Directions
The expected answer holds every line from the first line of the data below through the line containing "Ondřeji Doskočilovi, Th.D.", exactly as written, and no other line.

Short descriptive text snippets:
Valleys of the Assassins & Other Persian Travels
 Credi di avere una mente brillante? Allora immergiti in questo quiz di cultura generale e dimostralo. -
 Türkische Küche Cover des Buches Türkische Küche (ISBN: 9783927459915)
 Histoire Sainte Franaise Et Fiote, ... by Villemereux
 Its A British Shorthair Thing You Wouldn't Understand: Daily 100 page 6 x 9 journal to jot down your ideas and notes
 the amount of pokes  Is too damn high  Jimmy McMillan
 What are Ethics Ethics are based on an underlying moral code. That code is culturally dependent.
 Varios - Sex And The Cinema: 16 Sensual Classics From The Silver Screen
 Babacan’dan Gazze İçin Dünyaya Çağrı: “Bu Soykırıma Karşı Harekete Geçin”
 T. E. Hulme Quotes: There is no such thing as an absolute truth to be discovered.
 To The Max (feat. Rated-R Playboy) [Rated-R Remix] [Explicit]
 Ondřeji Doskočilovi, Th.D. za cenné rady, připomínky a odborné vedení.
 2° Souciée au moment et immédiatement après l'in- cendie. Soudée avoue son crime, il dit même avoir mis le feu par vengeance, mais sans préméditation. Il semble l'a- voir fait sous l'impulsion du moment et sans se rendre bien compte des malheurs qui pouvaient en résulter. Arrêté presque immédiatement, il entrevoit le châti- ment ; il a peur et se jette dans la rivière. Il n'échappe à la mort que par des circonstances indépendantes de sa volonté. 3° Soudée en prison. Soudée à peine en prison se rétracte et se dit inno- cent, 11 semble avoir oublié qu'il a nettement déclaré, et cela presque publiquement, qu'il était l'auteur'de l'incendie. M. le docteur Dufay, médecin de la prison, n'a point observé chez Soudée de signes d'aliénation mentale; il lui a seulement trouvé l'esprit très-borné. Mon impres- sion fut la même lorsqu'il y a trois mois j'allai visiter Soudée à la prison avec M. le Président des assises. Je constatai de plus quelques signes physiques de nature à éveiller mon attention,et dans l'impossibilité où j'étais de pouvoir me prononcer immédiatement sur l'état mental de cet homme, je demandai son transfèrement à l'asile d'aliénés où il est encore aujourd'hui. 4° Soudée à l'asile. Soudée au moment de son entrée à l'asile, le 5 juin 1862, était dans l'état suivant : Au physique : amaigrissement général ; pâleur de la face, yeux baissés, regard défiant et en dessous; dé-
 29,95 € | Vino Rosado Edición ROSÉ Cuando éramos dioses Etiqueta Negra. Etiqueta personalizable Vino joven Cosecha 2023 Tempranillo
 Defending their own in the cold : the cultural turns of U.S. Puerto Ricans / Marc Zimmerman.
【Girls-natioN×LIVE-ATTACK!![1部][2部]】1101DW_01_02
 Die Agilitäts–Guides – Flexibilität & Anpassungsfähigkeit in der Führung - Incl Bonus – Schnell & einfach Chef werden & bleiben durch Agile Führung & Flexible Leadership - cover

Exercise output
Valleys of the Assassins & Other Persian Travels
 Credi di avere una mente brillante? Allora immergiti in questo quiz di cultura generale e dimostralo. -
 Türkische Küche Cover des Buches Türkische Küche (ISBN: 9783927459915)
 Histoire Sainte Franaise Et Fiote, ... by Villemereux
 Its A British Shorthair Thing You Wouldn't Understand: Daily 100 page 6 x 9 journal to jot down your ideas and notes
 the amount of pokes  Is too damn high  Jimmy McMillan
 What are Ethics Ethics are based on an underlying moral code. That code is culturally dependent.
 Varios - Sex And The Cinema: 16 Sensual Classics From The Silver Screen
 Babacan’dan Gazze İçin Dünyaya Çağrı: “Bu Soykırıma Karşı Harekete Geçin”
 T. E. Hulme Quotes: There is no such thing as an absolute truth to be discovered.
 To The Max (feat. Rated-R Playboy) [Rated-R Remix] [Explicit]
 Ondřeji Doskočilovi, Th.D. za cenné rady, připomínky a odborné vedení.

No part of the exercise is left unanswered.